● **WORK ITEM**: Each record should be retyped word for word.

(Crawled caption data)
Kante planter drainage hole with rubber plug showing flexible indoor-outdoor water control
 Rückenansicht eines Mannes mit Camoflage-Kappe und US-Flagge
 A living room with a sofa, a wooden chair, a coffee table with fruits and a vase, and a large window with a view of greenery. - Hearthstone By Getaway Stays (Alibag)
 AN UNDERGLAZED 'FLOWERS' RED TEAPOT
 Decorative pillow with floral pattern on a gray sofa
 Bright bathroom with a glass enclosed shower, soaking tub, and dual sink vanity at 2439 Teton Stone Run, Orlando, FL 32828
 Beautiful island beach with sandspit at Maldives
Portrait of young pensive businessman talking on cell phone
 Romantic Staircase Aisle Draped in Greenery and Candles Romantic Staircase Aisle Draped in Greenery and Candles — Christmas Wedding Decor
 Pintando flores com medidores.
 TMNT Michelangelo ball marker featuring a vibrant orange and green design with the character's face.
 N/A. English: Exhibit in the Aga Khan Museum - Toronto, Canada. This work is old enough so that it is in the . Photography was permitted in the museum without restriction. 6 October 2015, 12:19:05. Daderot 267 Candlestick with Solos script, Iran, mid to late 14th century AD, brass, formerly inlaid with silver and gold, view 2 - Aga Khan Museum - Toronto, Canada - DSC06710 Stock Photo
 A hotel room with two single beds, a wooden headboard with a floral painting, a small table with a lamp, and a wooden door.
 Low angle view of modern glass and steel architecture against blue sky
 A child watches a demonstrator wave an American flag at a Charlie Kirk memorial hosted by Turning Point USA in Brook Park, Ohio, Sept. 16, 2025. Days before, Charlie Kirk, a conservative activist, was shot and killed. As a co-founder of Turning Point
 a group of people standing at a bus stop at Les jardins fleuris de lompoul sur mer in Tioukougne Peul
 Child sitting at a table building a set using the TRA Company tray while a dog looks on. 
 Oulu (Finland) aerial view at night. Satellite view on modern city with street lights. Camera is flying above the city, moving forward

● **TASK RESULT**:
Kante planter drainage hole with rubber plug showing flexible indoor-outdoor water control
 Rückenansicht eines Mannes mit Camoflage-Kappe und US-Flagge
 A living room with a sofa, a wooden chair, a coffee table with fruits and a vase, and a large window with a view of greenery. - Hearthstone By Getaway Stays (Alibag)
 AN UNDERGLAZED 'FLOWERS' RED TEAPOT
 Decorative pillow with floral pattern on a gray sofa
 Bright bathroom with a glass enclosed shower, soaking tub, and dual sink vanity at 2439 Teton Stone Run, Orlando, FL 32828
 Beautiful island beach with sandspit at Maldives
Portrait of young pensive businessman talking on cell phone
 Romantic Staircase Aisle Draped in Greenery and Candles Romantic Staircase Aisle Draped in Greenery and Candles — Christmas Wedding Decor
 Pintando flores com medidores.
 TMNT Michelangelo ball marker featuring a vibrant orange and green design with the character's face.
 N/A. English: Exhibit in the Aga Khan Museum - Toronto, Canada. This work is old enough so that it is in the . Photography was permitted in the museum without restriction. 6 October 2015, 12:19:05. Daderot 267 Candlestick with Solos script, Iran, mid to late 14th century AD, brass, formerly inlaid with silver and gold, view 2 - Aga Khan Museum - Toronto, Canada - DSC06710 Stock Photo
 A hotel room with two single beds, a wooden headboard with a floral painting, a small table with a lamp, and a wooden door.
 Low angle view of modern glass and steel architecture against blue sky
 A child watches a demonstrator wave an American flag at a Charlie Kirk memorial hosted by Turning Point USA in Brook Park, Ohio, Sept. 16, 2025. Days before, Charlie Kirk, a conservative activist, was shot and killed. As a co-founder of Turning Point
 a group of people standing at a bus stop at Les jardins fleuris de lompoul sur mer in Tioukougne Peul
 Child sitting at a table building a set using the TRA Company tray while a dog looks on. 
 Oulu (Finland) aerial view at night. Satellite view on modern city with street lights. Camera is flying above the city, moving forward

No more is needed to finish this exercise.